SebastianZ: Maybe start/ready/finished and distinguish by an
attribute on the event whether it's cross-origin or
same-document
[some clarifications on naming]
SebastianZ: My point was to have one event that is covering all
those cases, and distinguish by the attributes of those
document
noamr: So also when you have a transition you started yourself?
SebastianZ: For consistency
astearns: If we have this reveal event, and it fires always before
first render
astearns: it will fire for every document
astearns: When you have a same-origin transition
astearns: and you have this event firing, does it contain the VT
object even though it's not a cross-origin VT
fantasai: I think we are getting confused here. There are cross doc
and same doc transitions
fantasai: [don't confuse with same-origin and cross-origin
transitions, which are both cross-document]
fantasai: for same docs we have an existing api and proposal
fantasai: In same doc case you create a VT by calling a method,
which returns the VT object
fantasai: You know you created that, because you said so
fantasai: When doing cross-doc, you need to get the VT object which
the UA creates automatically
fantasai: For that we need an event, or to add it to the doc somehow
<khush> thanks for the excellent summary fantasai!
fantasai: We are talking about 3 options
fantasai: Events for phases? if yes, we should have them for
same-doc as cross doc
fantasai: [missed]
khush: Thanks for the summary
khush: My vote is for one event that gives you access to the VT
object
khush: If we have multiple events, having it for the same document
transitions is awkward
khush: because we will soon have ability to trigger multiple
same-document transitions
khush: so if this event is limited to having a cross-document
transition
khush: [missed]
khush: seems much easier to wrap your head around
fantasai: So if the start/ready/finished events for same document
doesn't make sense
fantasai: then we should def go for one of the other two options
fantasai: either special event that only fires for a VT or the
reveal event
fantasai: Interested in hearing about the perf impls
fantasai: and wondering how html folks feel about reveal more
generally
astearns: Any thoughts on perf?
[silence]
astearns: Have you discussed with HTML folks about new event?

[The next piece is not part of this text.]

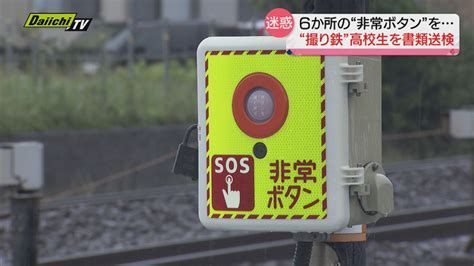 【撮り鉄】少年書類送検 踏切の非常ボタン6か所押した疑い 神奈川県の男子高校生「電車を撮りたくて」（静岡・沼津市内の踏切） ライブドアニュース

noamr: Was discussed in HTML ??
noamr: Don't think there's any particular perf implications
noamr: Wanted to understand use case better
emilio: Isn't the reveal effectively the first request Animation
Frame callback?
noamr: It's before that
noamr: rAF happens [missed]
noamr: Reveal happens right when last render-blocking element is
unblocked, so when you're about to have your first rAF
callback
noamr: but before actual rendering
noamr: If you write polyfill code today, you would check all your
render-blocking styles and scripts, and wait until all
loaded, and then fire an event
emilio: So point is you cannot insert new render-blocking stuff
then, because those are only parser-inserted?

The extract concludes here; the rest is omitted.